Eigentlich war dieses Event so ein „Hype-Ding“: Nergal von ME AND THAT MAN füllt nicht nur mit BEHEMOTH fette Hallen, sondern ist in Polen ein Mega-Promi, vergleichbar hier mit Dieter Bohlen. Erstens wegen seiner TV-Präsenz („This is the voice… of Poland“-Juror), zweitens wegen seiner Beziehung zu der bekannten polnischen Popsängerin Dorota Rabczewska, drittens wegen seiner Kämpfe gegen die in seiner Heimat alles dominierende katholische Kirche und viertens wegen seiner überstandenen Krebserkrankung. Kein Wunder also, dass einige seiner Landsleute im Zoom waren, neben einigen Metalheads, die Nergal wegen BEHEMOTH worshippen. Auch der ein oder andere, der ME AND THAT MAN gehört hat und damit etwas anfangen kann. Oder vielleicht auch nicht.
„Hype-Ding“ traf auch auf den Opener DOOL zu. Zusätzlich zum musikalischen Vorleben der Musikanten kommt auch hier eine gewisse Neugier hinzu von Menschen, die Ryanne van Dorst bereits im niederländischen Fernsehen erlebt haben. Dafür waren DOOL aber als Special Guest zu spät angekündigt – Vertreter aus den Niederlanden suchten zumindest nicht lautstark Gehör. Und überhaupt: Für einen Abend mit gehypten Bands war der Laden erschreckend leer. Wobei Hype an sich ja nichts Schlimmes sein muss. Im Gegenteil, hört man die Alben der Akteure, dann ist dieser hoch verdient.
DOOL haben zum Zeitpunkt dieser Eurotour bereits einen hoch gelobten Auftritt beim „Hell Over Hammaburg“ in Hamburg hinter sich gebracht und kommen im Sommer nochmal als Headliner u. a. in den Wiesbadener Schlachthof (22. Juli) – ich empfehle diese Show dringend, weil DOOL nicht nur ein cooles Album gemacht haben (welches zugegebenerweise nicht beim ersten Hören zündet), sondern in den knapp 30 Minuten auf der Bühne des Zoom zeigten, wie psychedelischer Rock mit Einflüssen von JEFFERSON AIRPLANE, den späteren FLEETWOOD MAC (denen mit Stevie Nicks) und diversen Doom-Größen klingen kann.
Das war den Gästen, die den Club noch nicht mal zur Hälfte füllten, eine Menge höflichen Applaus wert. Warum sich die Band jedoch so begeistert für die wenige warme Luft bedankte, erschloss sich mir nicht. Stimmungstechnisch war das gar nichts (trotz des Fans, der einen Großteil der Tour mitmachte und alle Mitglieder der Formation persönlich ansprach). Trotzdem: DOOL sind eine ausgezeichnete Combo, auf die man sich etwas einlassen muss. Freue mich sehr auf ihren Headliner-Gig in Wiesbaden.

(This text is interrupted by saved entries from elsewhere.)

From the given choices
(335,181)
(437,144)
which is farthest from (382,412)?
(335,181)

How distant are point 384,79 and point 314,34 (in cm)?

Dann der Auftritt des Hauptacts, ME (Nergal) AND THAT MAN (John Porter). Dass Extrem-Rockmusikanten zur Akustischen greifen ist ja kein neues Phänomen – Wino von SAINT VITUS tat das schon öfter, auch mit Conny Ochs als Duo-Partner. Laut aktuellem Metal Hammer durchaus eine Inspiration für Nergal, dessen Conny Ochs hier John Porter heißt. Ein Brite, der der Liebe wegen nach Polen zog und dort schon seit Ewigkeiten Musik macht. Kurz gehörte er sogar den auch in Deutschland hoch gehandelten MAANAM an, die sogar mal die alte Batschkapp füllten. In den Achtzigern. Those were the days. Andere musikalische Leistungen Porters haben es nicht bis zu uns geschafft, in Polen jedoch ist er eine respektierte Größe und lernte Nergal bei einem Songwriter-Gipfeltreffen kennen, welches in den USA dem der HIGHWAYMEN entspricht, also der Kombination von Johnny Cash, Waylon Jennings, Kris Kristofferson und Willie Nelson. Alles auch Einflüsse von ME AND THAT MAN.
Textlich bleiben die beiden aber dem treu, was der Antiklerikale Nergal auch sonst so treibt: „My Church is Black“ gibt die Marschrichtung vor, Opener des Albums und des Konzerts im Zoom. Interessant während des 75-minütigen Auftritts (inkl. zwei Zugaben, laut Setlist waren drei geplant) war vor allem die Gelöstheit Nergals, die man durchaus mit der von Alan Nemtheanga vergleichen kann, wenn er statt bei PRIMORDIAL mit DREAD SOVEREIGN zockt. Und: Die wunderbare Stimme von Porter, die live noch viel besser zur Geltung kam als auf der Platte. Besonders „Of Sirens, Vampires and Lovers“, von Porter geschrieben und im Duo mit Nergal performt, war zum Niederknien.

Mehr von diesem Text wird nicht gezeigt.